BEGIN Data extracts

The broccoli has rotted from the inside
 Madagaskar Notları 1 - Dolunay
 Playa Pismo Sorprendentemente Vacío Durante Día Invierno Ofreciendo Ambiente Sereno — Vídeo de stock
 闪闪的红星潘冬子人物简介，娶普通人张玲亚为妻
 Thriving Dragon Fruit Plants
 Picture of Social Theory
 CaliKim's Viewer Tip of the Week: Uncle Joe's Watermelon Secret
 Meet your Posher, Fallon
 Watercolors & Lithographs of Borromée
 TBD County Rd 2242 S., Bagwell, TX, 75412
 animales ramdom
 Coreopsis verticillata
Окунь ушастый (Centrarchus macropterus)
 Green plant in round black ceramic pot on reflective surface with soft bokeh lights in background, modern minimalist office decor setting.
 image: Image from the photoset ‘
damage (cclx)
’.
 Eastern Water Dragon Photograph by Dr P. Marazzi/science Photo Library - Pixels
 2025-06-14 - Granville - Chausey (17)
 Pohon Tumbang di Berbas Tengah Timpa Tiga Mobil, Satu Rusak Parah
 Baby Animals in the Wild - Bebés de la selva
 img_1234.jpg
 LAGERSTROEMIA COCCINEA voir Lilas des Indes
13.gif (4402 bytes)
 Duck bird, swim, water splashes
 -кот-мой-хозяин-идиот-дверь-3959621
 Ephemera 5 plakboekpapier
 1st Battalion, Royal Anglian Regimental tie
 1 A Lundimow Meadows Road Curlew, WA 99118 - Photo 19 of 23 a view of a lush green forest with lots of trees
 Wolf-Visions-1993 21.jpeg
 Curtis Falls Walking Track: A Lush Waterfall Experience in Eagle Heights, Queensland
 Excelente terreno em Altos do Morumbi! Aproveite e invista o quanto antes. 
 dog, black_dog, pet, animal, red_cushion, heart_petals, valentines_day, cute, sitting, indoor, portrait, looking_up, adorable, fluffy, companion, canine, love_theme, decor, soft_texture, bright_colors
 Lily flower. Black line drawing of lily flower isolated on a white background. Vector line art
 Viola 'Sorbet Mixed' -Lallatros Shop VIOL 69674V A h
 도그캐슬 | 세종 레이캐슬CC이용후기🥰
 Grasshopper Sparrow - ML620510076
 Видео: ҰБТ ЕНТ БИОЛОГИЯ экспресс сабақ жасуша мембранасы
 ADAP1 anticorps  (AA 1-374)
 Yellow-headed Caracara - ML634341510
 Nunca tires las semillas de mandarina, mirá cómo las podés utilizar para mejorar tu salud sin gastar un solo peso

END Data extracts

Work required: Reproduce word for word the lines of the records above, beginning at the first and ending with the line where "1 A Lundimow" appears, and nothing past it.

Worked solution:
The broccoli has rotted from the inside
 Madagaskar Notları 1 - Dolunay
 Playa Pismo Sorprendentemente Vacío Durante Día Invierno Ofreciendo Ambiente Sereno — Vídeo de stock
 闪闪的红星潘冬子人物简介，娶普通人张玲亚为妻
 Thriving Dragon Fruit Plants
 Picture of Social Theory
 CaliKim's Viewer Tip of the Week: Uncle Joe's Watermelon Secret
 Meet your Posher, Fallon
 Watercolors & Lithographs of Borromée
 TBD County Rd 2242 S., Bagwell, TX, 75412
 animales ramdom
 Coreopsis verticillata
Окунь ушастый (Centrarchus macropterus)
 Green plant in round black ceramic pot on reflective surface with soft bokeh lights in background, modern minimalist office decor setting.
 image: Image from the photoset ‘
damage (cclx)
’.
 Eastern Water Dragon Photograph by Dr P. Marazzi/science Photo Library - Pixels
 2025-06-14 - Granville - Chausey (17)
 Pohon Tumbang di Berbas Tengah Timpa Tiga Mobil, Satu Rusak Parah
 Baby Animals in the Wild - Bebés de la selva
 img_1234.jpg
 LAGERSTROEMIA COCCINEA voir Lilas des Indes
13.gif (4402 bytes)
 Duck bird, swim, water splashes
 -кот-мой-хозяин-идиот-дверь-3959621
 Ephemera 5 plakboekpapier
 1st Battalion, Royal Anglian Regimental tie
 1 A Lundimow Meadows Road Curlew, WA 99118 - Photo 19 of 23 a view of a lush green forest with lots of trees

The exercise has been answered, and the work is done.